▶ [EXERCISE MATERIALS]
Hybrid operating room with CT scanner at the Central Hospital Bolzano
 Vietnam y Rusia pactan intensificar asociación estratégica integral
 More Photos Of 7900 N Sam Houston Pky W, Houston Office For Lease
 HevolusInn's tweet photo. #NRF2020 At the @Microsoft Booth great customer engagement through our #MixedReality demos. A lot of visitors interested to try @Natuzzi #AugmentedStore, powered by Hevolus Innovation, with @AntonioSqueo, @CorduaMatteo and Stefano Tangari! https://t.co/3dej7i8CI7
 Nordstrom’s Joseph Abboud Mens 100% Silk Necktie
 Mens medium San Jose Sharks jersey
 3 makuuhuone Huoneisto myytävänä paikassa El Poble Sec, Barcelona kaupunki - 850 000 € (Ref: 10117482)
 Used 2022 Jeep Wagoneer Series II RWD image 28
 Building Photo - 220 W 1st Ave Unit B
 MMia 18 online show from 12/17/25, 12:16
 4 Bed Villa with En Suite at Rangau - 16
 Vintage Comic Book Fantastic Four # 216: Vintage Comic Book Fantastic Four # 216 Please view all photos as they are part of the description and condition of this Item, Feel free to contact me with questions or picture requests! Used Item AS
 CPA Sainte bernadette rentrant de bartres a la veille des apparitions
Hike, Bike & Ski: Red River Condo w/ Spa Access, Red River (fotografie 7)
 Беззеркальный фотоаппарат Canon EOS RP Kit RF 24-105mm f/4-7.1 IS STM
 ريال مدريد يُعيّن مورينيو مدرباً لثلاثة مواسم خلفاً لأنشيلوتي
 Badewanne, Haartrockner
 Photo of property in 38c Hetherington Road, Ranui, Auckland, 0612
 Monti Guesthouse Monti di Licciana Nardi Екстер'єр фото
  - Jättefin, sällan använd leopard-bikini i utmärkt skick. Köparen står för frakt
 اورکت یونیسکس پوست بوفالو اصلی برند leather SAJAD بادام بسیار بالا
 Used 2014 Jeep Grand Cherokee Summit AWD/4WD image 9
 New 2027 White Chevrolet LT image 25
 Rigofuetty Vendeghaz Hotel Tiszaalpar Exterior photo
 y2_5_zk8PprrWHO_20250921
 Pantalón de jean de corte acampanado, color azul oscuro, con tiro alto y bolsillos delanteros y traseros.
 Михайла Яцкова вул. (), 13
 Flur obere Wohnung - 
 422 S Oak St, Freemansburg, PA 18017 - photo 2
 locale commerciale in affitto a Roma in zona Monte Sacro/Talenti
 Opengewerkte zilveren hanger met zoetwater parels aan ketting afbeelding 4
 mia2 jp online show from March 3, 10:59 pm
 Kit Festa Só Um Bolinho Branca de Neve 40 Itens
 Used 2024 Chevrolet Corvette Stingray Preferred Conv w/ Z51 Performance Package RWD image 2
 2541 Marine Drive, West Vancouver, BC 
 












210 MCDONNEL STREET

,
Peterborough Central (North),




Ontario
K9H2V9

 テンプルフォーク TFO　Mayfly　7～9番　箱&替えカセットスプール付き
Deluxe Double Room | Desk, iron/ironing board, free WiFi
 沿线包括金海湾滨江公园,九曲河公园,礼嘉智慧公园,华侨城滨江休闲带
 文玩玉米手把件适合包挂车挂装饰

▶ [ABOUT THIS EXERCISE] State the number of lines in this listing that contain the string "Jeep", and add nothing else.

▶ [ANSWER SPACE] 2